Circuito de Losail (2021)
Ao contrário de outros circuitos pontuais, o de Losail, no Catar, foi adicionado ao calendário no último minuto devido à reviravolta nos calendários de 2020-2021 causada pela pandemia da COVID-19. O Grande Prêmio da Austrália, que inicialmente abriria a temporada, foi adiado e finalmente cancelado, o que levou a FIA a recorrer ao circuito de MotoGP de Lusail. Lewis Hamilton perdeu a corrida devido a um teste positivo, enquanto Fernando Alonso subiu ao pódio pela primeira vez em 105 largadas. Um acordo de dez anos agora garante o lugar de Losail nos calendários futuros.
Circuito do Parque de Monsanto (1959)
Localizado perto de Lisboa, o Parque de Monsanto recebeu um Grande Prêmio quase por acaso, em um período de dificuldades financeiras para muitos organizadores. A estrada acidentada de 5,4 km serpenteia entre as árvores e tem apenas uma reta verdadeira, que também serve como via pública. A largada foi adiada para evitar o calor intenso do meio-dia, uma precaução que Nigel Mansell apreciaria anos mais tarde, e Stirling Moss, que largou na pole position, conquistou a vitória.
Circuito de Mugello (2020)
Mugello, outro local dedicado ao MotoGP, entrou em cena durante a temporada de 2020 marcada pela pandemia. O circuito toscano também marcou a 1000ª largada da Ferrari em Grandes Prêmios na categoria rainha. Apesar dessa etapa histórica, os carros da Scuderia terminaram apenas em oitavo e décimo lugar, enquanto Lewis Hamilton conquistou a vitória em seu próprio território.
Circuito de Pescara (1957)
A aparição de Pescara no calendário de 1957 foi um golpe de sorte após a retirada de Spa e Zandvoort devido a uma disputa sobre os direitos de largada. Com seus 25,8 km, este circuito triangular continua sendo o mais longo já usado na Fórmula 1, superando até mesmo o Nürburgring em três quilômetros.
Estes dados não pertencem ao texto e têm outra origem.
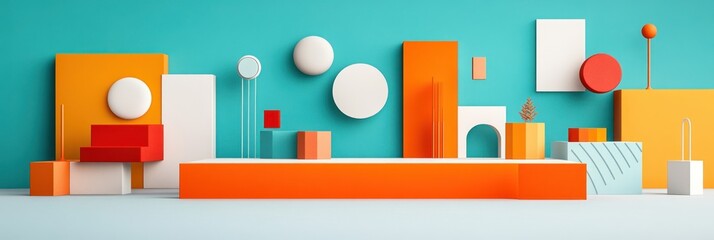 Poster - Abstract 3D geometric shapes in vibrant orange, teal, and white.  Modern minimalist design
Stirling Moss venceu a única corrida disputada neste circuito após 18 voltas, diante de quase 200.000 espectadores.
Circuito de Riverside (1960)
Riverside nunca se tornou uma etapa regular da F1, mas é lembrado por seu papel no desenvolvimento do Ford GT40 para Le Mans, sob a direção de Ken Miles. Em seu único Grande Prêmio, Stirling Moss conquistou a pole position em uma pista empoeirada e batida pela areia do deserto, antes de vencer a prova no dia seguinte. Quando a Fórmula 1 se aventurou pela primeira vez fora dos circuitos tradicionais, encontrou-se nas antigas pistas militares acidentadas de Sebring e Zeltweg, dois locais que deixaram uma marca duradoura, apesar de sua breve aparição no calendário.
Em 1959, o Sebring International Raceway, um aeródromo acidentado transformado em circuito, recebeu seu primeiro Grande Prêmio um ano antes de Riverside. A superfície irregular não desanimou Stirling Moss, que conquistou a pole position com sua habitual desenvoltura. No dia da última corrida da temporada, a batalha pelo campeonato se resumiu a Jack Brabham, Moss e Tony Brooks. Enquanto Moss via o título escapar mais uma vez, Brabham conquistava o campeonato de pilotos. Esse evento também marcou um marco importante para um jovem neozelandês: Bruce McLaren conquistou sua primeira vitória nesse asfalto implacável. Cinco anos depois, em 1964, o Grande Prêmio da Áustria abandonou seu local habitual em Spielberg para se instalar a poucos quilômetros dali, no circuito em forma de L do aeródromo de Zeltweg. Lorenzo Bandini conquistou a vitória nesta pista abrasiva, cuja superfície se revelou demasiado dura para as máquinas da época. O desgaste incessante e o traçado pouco convencional do circuito fizeram com que a Fórmula 1 nunca mais voltasse a Zeltweg, que assim permaneceu como um capítulo efémero, mas memorável, no início da história deste desporto.